──────── THE DATA

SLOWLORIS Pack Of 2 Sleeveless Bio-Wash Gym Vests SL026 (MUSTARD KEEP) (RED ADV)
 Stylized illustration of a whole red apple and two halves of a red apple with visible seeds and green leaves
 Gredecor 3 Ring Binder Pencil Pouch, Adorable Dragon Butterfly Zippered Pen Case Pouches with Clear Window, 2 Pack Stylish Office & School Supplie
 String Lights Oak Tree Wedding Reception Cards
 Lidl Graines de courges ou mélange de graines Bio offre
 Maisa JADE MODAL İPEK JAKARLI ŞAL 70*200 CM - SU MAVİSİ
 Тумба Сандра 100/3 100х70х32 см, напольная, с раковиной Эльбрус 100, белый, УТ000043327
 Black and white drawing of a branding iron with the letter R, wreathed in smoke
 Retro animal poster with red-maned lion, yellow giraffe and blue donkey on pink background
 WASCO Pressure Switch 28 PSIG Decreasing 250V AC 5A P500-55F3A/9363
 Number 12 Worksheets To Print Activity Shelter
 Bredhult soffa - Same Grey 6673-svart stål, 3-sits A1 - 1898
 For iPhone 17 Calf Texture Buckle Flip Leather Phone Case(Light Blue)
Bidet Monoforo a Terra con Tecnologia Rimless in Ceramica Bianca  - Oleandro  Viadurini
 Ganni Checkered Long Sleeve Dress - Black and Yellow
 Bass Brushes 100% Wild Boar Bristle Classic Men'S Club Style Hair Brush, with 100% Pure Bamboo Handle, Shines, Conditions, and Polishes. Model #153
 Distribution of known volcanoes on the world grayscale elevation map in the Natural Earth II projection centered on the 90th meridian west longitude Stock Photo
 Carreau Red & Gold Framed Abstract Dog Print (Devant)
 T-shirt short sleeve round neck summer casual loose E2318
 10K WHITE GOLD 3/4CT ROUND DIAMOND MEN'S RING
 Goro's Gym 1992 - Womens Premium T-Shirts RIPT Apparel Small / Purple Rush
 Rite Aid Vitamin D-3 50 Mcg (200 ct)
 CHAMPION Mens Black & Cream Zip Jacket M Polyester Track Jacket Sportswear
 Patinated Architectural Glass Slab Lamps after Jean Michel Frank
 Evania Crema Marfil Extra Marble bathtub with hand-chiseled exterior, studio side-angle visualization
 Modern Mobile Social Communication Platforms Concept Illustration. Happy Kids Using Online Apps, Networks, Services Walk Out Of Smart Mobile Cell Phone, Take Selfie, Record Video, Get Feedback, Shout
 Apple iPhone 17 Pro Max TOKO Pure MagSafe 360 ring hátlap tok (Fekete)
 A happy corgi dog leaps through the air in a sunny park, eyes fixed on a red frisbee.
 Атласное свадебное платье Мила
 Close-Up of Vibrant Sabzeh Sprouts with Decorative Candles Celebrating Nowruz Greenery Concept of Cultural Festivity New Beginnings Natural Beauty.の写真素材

────────────────

## TASK
Restate word for word only the lines above from the line containing "Carreau Red &" to the line containing "CHAMPION Mens Black", both of them included.

## SOLUTION TO THE EXERCISE
 Carreau Red & Gold Framed Abstract Dog Print (Devant)
 T-shirt short sleeve round neck summer casual loose E2318
 10K WHITE GOLD 3/4CT ROUND DIAMOND MEN'S RING
 Goro's Gym 1992 - Womens Premium T-Shirts RIPT Apparel Small / Purple Rush
 Rite Aid Vitamin D-3 50 Mcg (200 ct)
 CHAMPION Mens Black & Cream Zip Jacket M Polyester Track Jacket Sportswear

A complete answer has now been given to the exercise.